I built a new website for an electrician in Cambridgeshire last year. His old site had been live for four years, looked fine on a desktop, and was pulling around 200 visitors a month from Google. He was getting zero calls from it. Not one.
When I dug in, the problem was obvious within about 30 seconds. No location in the headline. No qualifications visible above the fold. Phone number buried in the footer. On mobile — where 71% of trade searches in the UK happen — the contact form was broken.
Two hundred people a month landing on that page, and every one of them left. That's not a traffic problem. That's an electrician website design problem.
Here are the 7 things that fixed it.
The headline at the top of your homepage is the most important line on your entire website. It decides whether someone stays or clicks straight back to Google.
It needs to answer three things in under three seconds: what you do, where you cover, and why you're worth calling over the next electrician in the list.
"Welcome to ABC Electrical Services" tells a visitor nothing useful. "Qualified Electrician in Cambridge — Fast Response, NICEIC Registered" tells them exactly what they need to make a decision.
Most electricians I speak to haven't put their town or county in their headline. Their reasoning is usually that it's obvious — their address is in the footer. But the people landing on your site from Google are often checking four or five electricians at once. If your headline doesn't confirm you cover their area immediately, they move on to the one that does.
Put your location in the headline. It's the simplest fix on this list and it works every time.
Electricians are different from most other trades. Before calling a plumber, most people just want to know they'll show up. Before calling an electrician, they want to know you're qualified and legally covered — because a badly wired installation is a safety issue, not just a bad job.
Part P certification and NICEIC or NAPIT registration are what people look for. As of April 2026, there are roughly 27,000 NICEIC-registered contractors in the UK. If you're one of them, your website should say so immediately — not on page three of an about section nobody reads.
Put your credentials in the top section of the homepage, visible without scrolling. A row of trust badges — NICEIC logo, Part P mark, any relevant trade association — does the job in under a second. I've seen this single change increase time-on-site by over 40% on electrician sites because people stop bouncing and start reading.
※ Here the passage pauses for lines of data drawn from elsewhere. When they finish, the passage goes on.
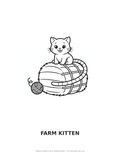 Farm Kitten Coloring Page — Single Printable Page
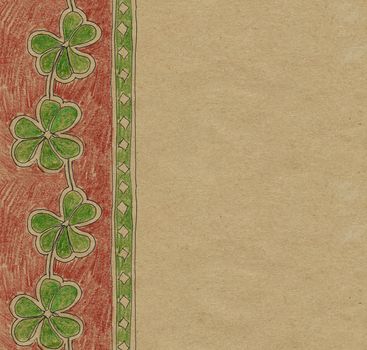 boart seamless pattern with a pencil hatching on craft. Ornate a three leaves clover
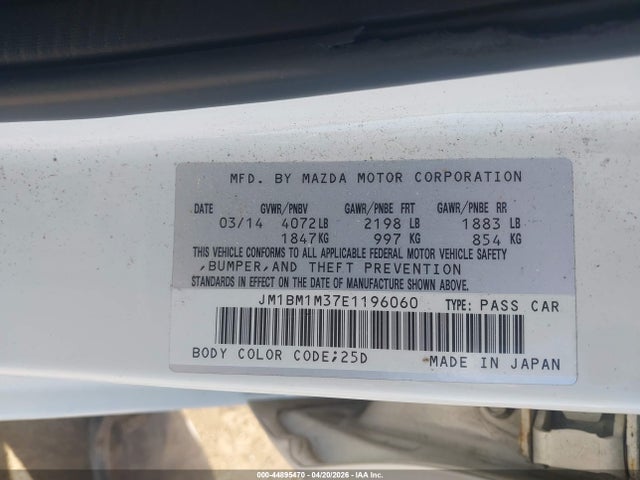 2014 Mazda Mazda3 S Grand Touring მანქანა იყიდება აუქციონზე, vin: JM1BM1M37E1196060, აუქციონის ნომერი: 44895470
Your qualifications are your strongest selling point. Show them first.
A phone number displayed as plain text on a mobile website is useless. If a visitor has to copy and paste your number into their dialler, you've already lost them. The number needs to be a tel: link that opens the phone app with one tap.
71% of trade searches in the UK happen on mobile. Someone with a tripped fuse at 7pm on a Wednesday is not on a desktop. They're on their phone, they're stressed, and they're going to call the first electrician whose site makes it easy.
A large, high-contrast click-to-call button in the header — pinned to the top of the screen so it follows the user as they scroll — removes the friction. On the Cambridgeshire site I mentioned, this single fix increased calls from the website in the first 30 days.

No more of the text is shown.